Posted Feb 1, 2013 21:02 UTC (Fri) by khim (subscriber, #9252)
In reply to: Rethinking optimization for size by epa
Parent article: Rethinking optimization for size

It won't, for example, turn on or off loop unrolling depending on how memory-bound a particular CPU tends to be.

It's impossible to predict unless you know what your program is doing - and compiler deals with functions. Even puny Atoms have 32KiB of L1 cache where functions (even with loops unrolled) are usually smaller.

If the compiler could be just a bit smarter, that would be a big win.

This way lies madness. Difference between contemporary CPUs is much smaller then you think. The aforementioned cache which presumably should be handled differently in different cases is between 32KiB on most Intel CPUs (from Atoms to XeonsCore and 64KiB for AMD, L2 differs more substantially but difference is not large enough to affect issues at small (function-sized) scale and LTO is not yet in wide use and not all that mature besides.

But most programmers don't want to spend time testing each optimization separately; they tend to just pick -O2 and let the compiler decide.

It's even worse: they often abuse "premature optimization is the root of all evil" mantra to introduce 3x-5x-10x slowdown. What the compiler does after that is more-or-less irrelevant. If people care about efficiency they should start thinking about efficiency first and hot hope that compiler will magically make 10 levels of indirections disappear. No, they don't disappear and compiler very rarely can do anything to thembut looks like developers (except for kernel developers, of course) understand that. Instead most books explain how you can use them to nicely "encapsulate" and "separate" stuff - usually without ever mentioning their price.


(Log in to post comments)

Rethinking optimization for size

Posted Feb 8, 2013 17:50 UTC (Fri) by daglwn (guest, #65432) [Link]

> Difference between contemporary CPUs is much smaller then you think.

But not as small as you think. I work on a production compiler and we are always tuning for new targets. Even something as simple as moving from Sandy Bridge to Ivy Bridge can result in a change in strategy.

> What's even worse: they often abuse "premature optimization is the root
> of all evil" mantra to introduce 3x-5x-10x slowdown.

But worse than that is programmers trying to out-guess the compiler and do hand loop unrolling, converting of array accesses to pointer arithmetic and the like. This *kills* the compiler's ability to analyze the program and thus make transformations to improve the code.

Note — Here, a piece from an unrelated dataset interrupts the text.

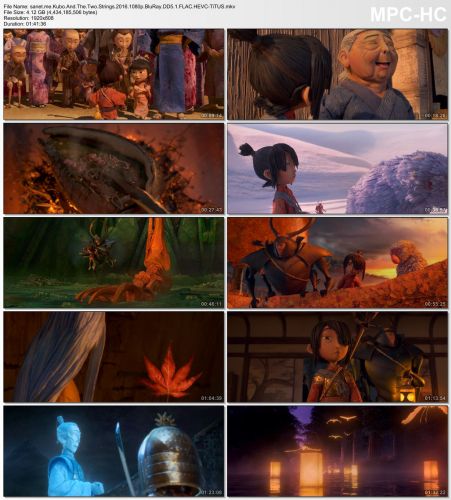 Kubo And The Two Strings 2016 1080p BluRay DD5.1 FLAC HEVC-TiTUS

It is essential for the developer to take a high-level view of performance. Algorithm and data structure choice is the #1 performance decision to make. After that, the ROI decreases rapidly for the programmer. Yes, the programmer should be aware of the cost of abstractions when appropriate but we should not throw away those abstractions on a whim. They save expensive programmer time. Do hand performance tuning *only* after a proven need via profiling.

Rethinking optimization for size

Posted Feb 8, 2013 21:41 UTC (Fri) by khim (subscriber, #9252) [Link]

Do hand performance tuning *only* after a proven need via profiling.

By that time it's often much too late to do anything. The one thing programmer should keep in mind are few numbers. If you introduce nice level of indirection (to facilitate future expansion or something like this) and this indirection triggers access to the main memory then you are losing about 500-600 ticks right there. And contemporary CPU can move hundred of sequential bytes and do thousand of operations in that time! If your program is built around bazillion tiny objects it's too late to anything at this point: to remove these useless levels of indirection you need to basically rewrite program from scratch.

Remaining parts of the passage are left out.